▶ DATASET SECTION
━━━━━━━━━━━━━━━━━━━━
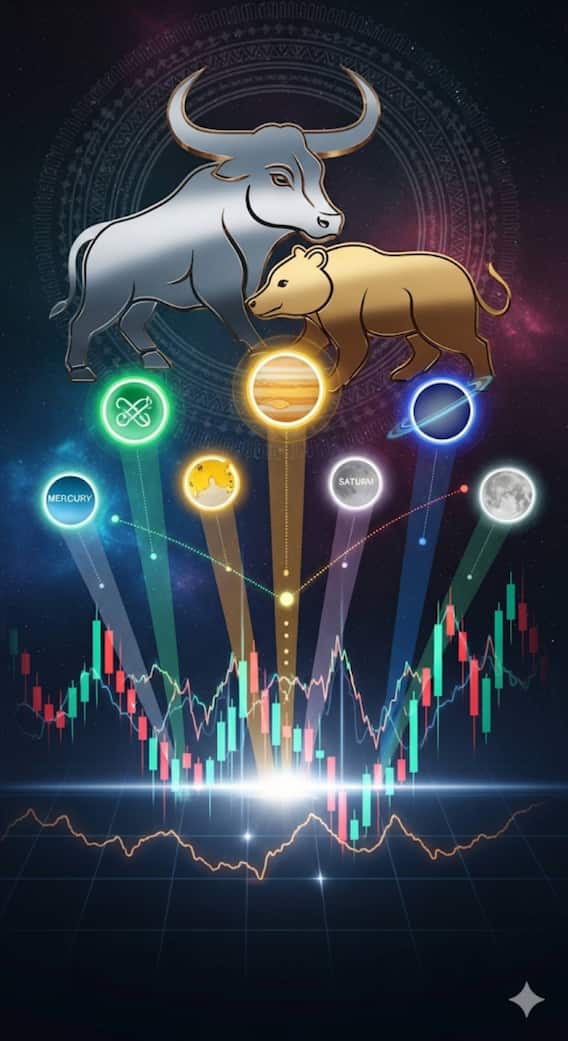 शेयर मार्केट के लिए कौन सा ग्रह जिम्मेदार है?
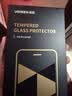 绿联【无黑边不挡屏】适用iPhone18ProMax/17ProMax钢化膜苹果18/17ProMax手机膜无边高清抗指纹防摔膜 实拍图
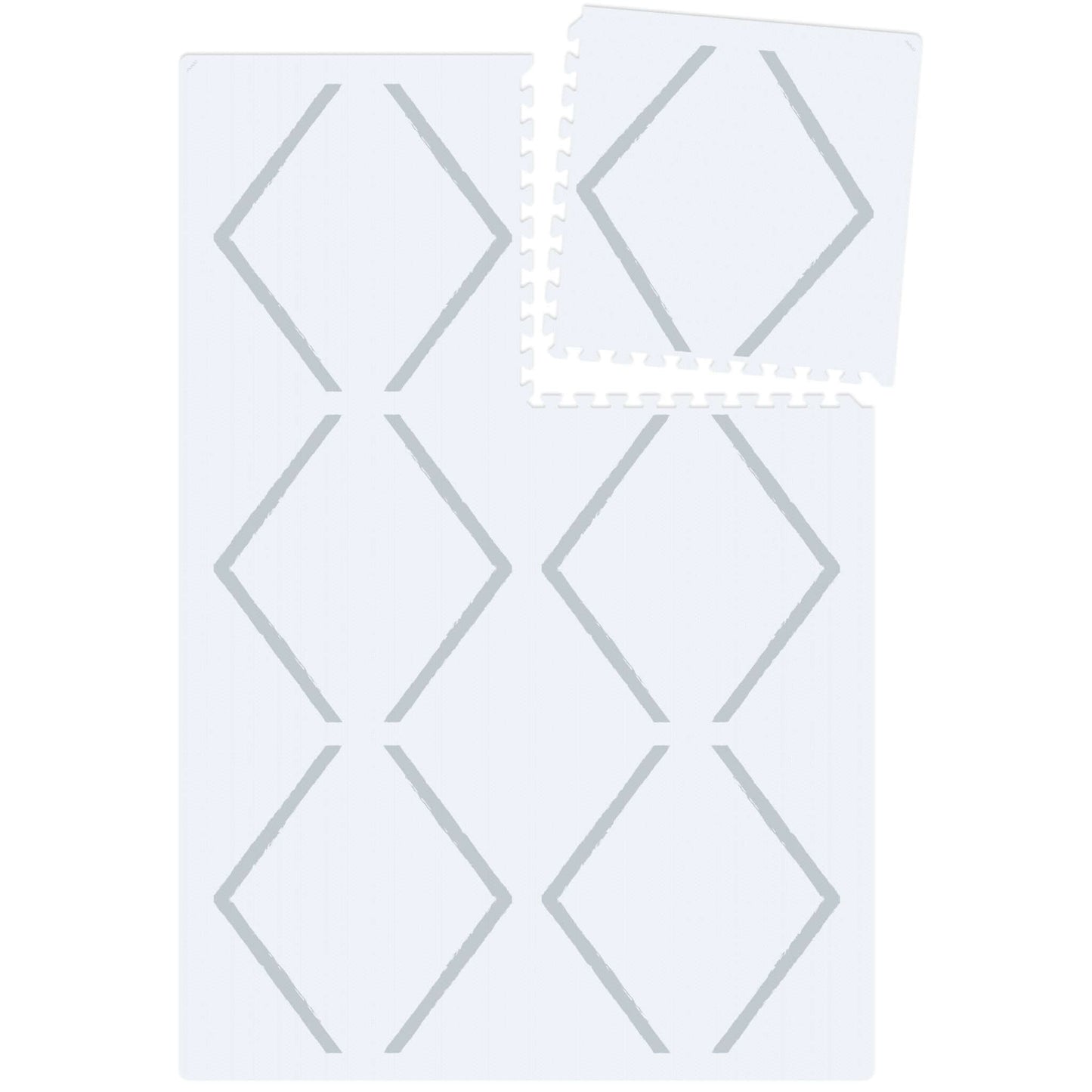 Eeveve Beni Play Mat Power Blue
━━━━━━━━━━━━━━━━━━━━
▶ WHAT YOU SHOULD DO
Set down the complete material exactly, but do not include the images.

▶ RESULT OF THIS EXERCISE
 शेयर मार्केट के लिए कौन सा ग्रह जिम्मेदार है?
 绿联【无黑边不挡屏】适用iPhone18ProMax/17ProMax钢化膜苹果18/17ProMax手机膜无边高清抗指纹防摔膜 实拍图
 Eeveve Beni Play Mat Power Blue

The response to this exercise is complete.